Exercise requirements: In the records that come next, find every line with "para". Return those lines.

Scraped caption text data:

%%

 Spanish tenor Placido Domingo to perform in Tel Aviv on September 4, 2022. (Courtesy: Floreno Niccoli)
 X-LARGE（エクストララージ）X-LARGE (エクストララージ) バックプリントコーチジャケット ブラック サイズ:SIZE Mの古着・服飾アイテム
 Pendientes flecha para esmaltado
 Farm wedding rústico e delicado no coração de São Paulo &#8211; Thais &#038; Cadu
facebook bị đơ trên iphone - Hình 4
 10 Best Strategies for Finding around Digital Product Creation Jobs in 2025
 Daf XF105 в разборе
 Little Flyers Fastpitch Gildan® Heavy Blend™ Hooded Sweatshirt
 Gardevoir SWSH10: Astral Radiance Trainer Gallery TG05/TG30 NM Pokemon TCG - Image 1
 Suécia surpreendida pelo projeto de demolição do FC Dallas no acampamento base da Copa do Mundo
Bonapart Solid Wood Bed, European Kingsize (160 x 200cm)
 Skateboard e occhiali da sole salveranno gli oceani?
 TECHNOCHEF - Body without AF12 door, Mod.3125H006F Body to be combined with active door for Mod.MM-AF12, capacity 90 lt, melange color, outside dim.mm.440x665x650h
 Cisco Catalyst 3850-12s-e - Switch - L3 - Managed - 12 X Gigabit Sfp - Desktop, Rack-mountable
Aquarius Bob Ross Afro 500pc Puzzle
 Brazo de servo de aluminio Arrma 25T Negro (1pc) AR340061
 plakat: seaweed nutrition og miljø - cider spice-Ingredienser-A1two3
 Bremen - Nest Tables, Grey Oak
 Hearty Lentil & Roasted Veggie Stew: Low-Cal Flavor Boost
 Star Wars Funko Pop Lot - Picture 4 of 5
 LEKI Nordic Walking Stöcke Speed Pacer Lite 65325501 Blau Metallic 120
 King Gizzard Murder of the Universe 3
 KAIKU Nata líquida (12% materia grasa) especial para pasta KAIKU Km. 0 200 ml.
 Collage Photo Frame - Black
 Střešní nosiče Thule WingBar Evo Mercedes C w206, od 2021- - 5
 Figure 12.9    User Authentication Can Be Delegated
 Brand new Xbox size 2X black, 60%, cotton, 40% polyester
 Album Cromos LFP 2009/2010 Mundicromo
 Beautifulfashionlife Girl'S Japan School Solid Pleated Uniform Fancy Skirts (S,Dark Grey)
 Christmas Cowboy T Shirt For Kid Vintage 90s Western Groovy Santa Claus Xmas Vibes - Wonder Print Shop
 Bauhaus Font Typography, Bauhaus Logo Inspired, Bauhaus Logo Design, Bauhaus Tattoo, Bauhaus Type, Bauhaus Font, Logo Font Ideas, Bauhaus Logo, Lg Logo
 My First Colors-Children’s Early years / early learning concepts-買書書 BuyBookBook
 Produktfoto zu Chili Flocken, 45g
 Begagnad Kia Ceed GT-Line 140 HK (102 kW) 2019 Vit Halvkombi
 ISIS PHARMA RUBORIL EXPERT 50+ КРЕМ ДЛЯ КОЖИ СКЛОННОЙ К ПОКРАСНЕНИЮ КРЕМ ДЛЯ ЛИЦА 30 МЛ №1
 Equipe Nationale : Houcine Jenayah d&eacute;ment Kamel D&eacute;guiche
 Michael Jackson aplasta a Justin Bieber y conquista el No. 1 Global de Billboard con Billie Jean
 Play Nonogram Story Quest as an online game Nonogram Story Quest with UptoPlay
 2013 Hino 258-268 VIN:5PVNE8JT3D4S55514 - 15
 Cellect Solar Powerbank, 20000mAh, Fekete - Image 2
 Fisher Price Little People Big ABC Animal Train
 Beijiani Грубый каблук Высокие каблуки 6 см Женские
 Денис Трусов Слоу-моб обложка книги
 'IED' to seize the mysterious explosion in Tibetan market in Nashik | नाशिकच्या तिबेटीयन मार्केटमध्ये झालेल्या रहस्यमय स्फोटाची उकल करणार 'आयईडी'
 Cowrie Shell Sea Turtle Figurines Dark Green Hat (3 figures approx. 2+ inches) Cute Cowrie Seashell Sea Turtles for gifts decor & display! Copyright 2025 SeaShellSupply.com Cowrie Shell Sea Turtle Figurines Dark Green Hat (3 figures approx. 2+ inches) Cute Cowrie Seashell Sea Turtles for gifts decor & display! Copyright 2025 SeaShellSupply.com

%%

Answer box:
 Pendientes flecha para esmaltado
 KAIKU Nata líquida (12% materia grasa) especial para pasta KAIKU Km. 0 200 ml.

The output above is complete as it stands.